Observations show that the midwinter Pacific jet is narrower during years when it is strong. With linear models we are able to reproduce the observed decrease of storm strength with shear, if we take into account the narrowing of the jet. This is the case because a narrower jet can decrease the meridional scale of the perturbations, which, according to baroclinic instability theory, hampers growth. A common suggestion is that perturbations are weaker when the jet is strong because they move faster out of the unstable storm-track region and thus have a shorter period of growth. We find that we need to take into account that the jet narrows when it strengthens; otherwise, the increase in growth rate is strong enough to counteract the effect of increased advection speed.


One question that arises is whether our results can also explain the observation that the midwinter Pacific storm track is weaker than the fall and spring tracks (the midwinter suppression). While a similar jet width-strength relation is observed on a seasonal time scale, linear model calculations suggest that seasonal variations in jet width are not large enough to counter the effects of seasonal changes in baroclinicity to fully explain the midwinter suppression. Seasonal variations in jet width can, however, explain the observation that the midwinter suppression is much more prominent during strong jet years.


In the Atlantic, the storm track and jet strength are positively correlated.

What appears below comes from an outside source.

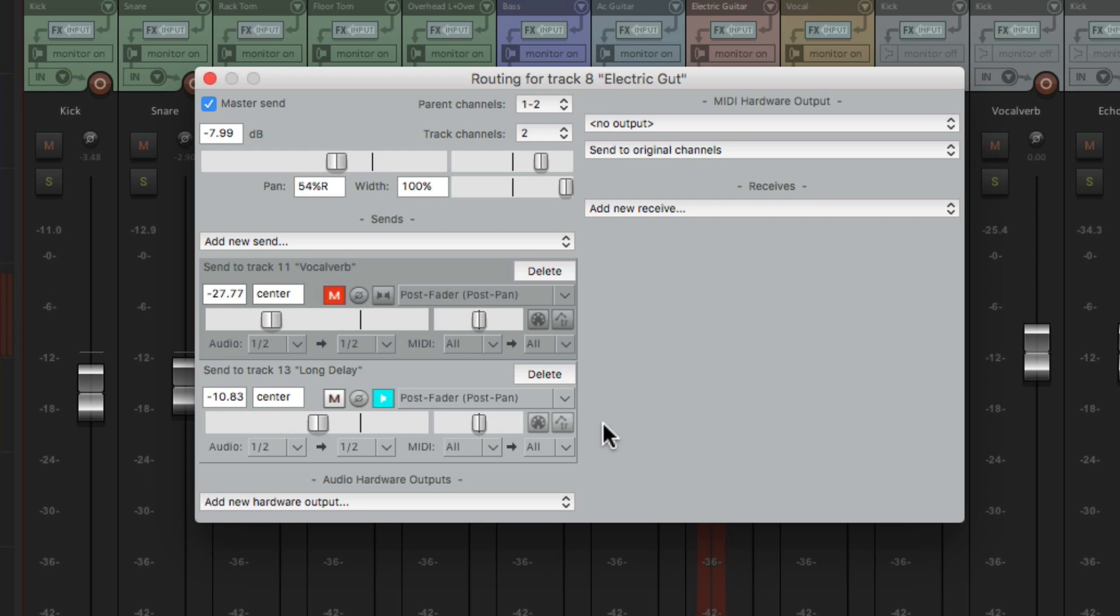Notice how the delay pans left and right. The delay starts in the left speaker, then goes to the right, the left, and the right again. But each delay is lower in volume.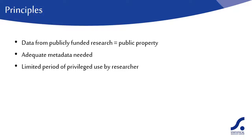Researchers should have a limited period of privileged use of the data collected to enable them to publish the results of their research. This time might vary but is expected to be no longer than two years.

A positive correlation is found in our model for weaker jets—hence, it could also explain the Atlantic variations. However, the much more nonlinear characteristics of waves there raise the question of whether our model is relevant. It is left for future research to examine this, and also whether the Atlantic storm track can, under other climate forcings, become more like that in the Pacific.-- Nili Harnik (Lamont-Doherty Earth Observatory) and Edmund K. M. Chang. “The Effects of Variations in Jet Width on the Growth of Baroclinic Waves: Implications for Midwinter Pacific Storm Track Variability,” in the 1 January Journal of the Atmospheric Sciences, 61, 23-40 (2004).



Possible Trends in Northern Hemisphere Storm Tracks

BAMS 83, March 2002, p. 348, Paper of Note


Results of a new analysis suggest that both the Pacific and Atlantic storm tracks intensified by about 30% from the 1960s to the 1990s, and that the month-to-month and interannual variations of the two storm tracks are significantly correlated. Our analysis also shows that much of the storm track variability is not related to previously documented modes of low frequency variability.

Mid-latitude weather and climate during the cool season are closely related to changes in the location and intensity of the storm tracks. For example, precipitation anomalies over the western United States associated with the El Nino-Southern Oscillation cycle are related to storm track variability.

An important issue is that spurious climate perturbations could be introduced into atmospheric analyses due to changes in the observing system. Our preliminary analysis of radiosonde observations along the storm tracks suggests that the upward trend based on radiosonde observations alone appears to be less than that based on the reanalysis data. Unfortunately, since the peaks of the storm tracks lie over the oceans (where there are no radiosonde stations with continuous records), the variations over the storm track peaks cannot be verified. Thus it is crucial that other direct evidence be found to substantiate the magnitude of the storm track variability, especially over the oceans.--Edmund K. M. Chang and Yunfei Fu. “Interdecadal Variations in Northern Hemisphere Winter Storm Track Intensity,” appearing in the 15 March Journal of Climate, 15, 642-658 (2002).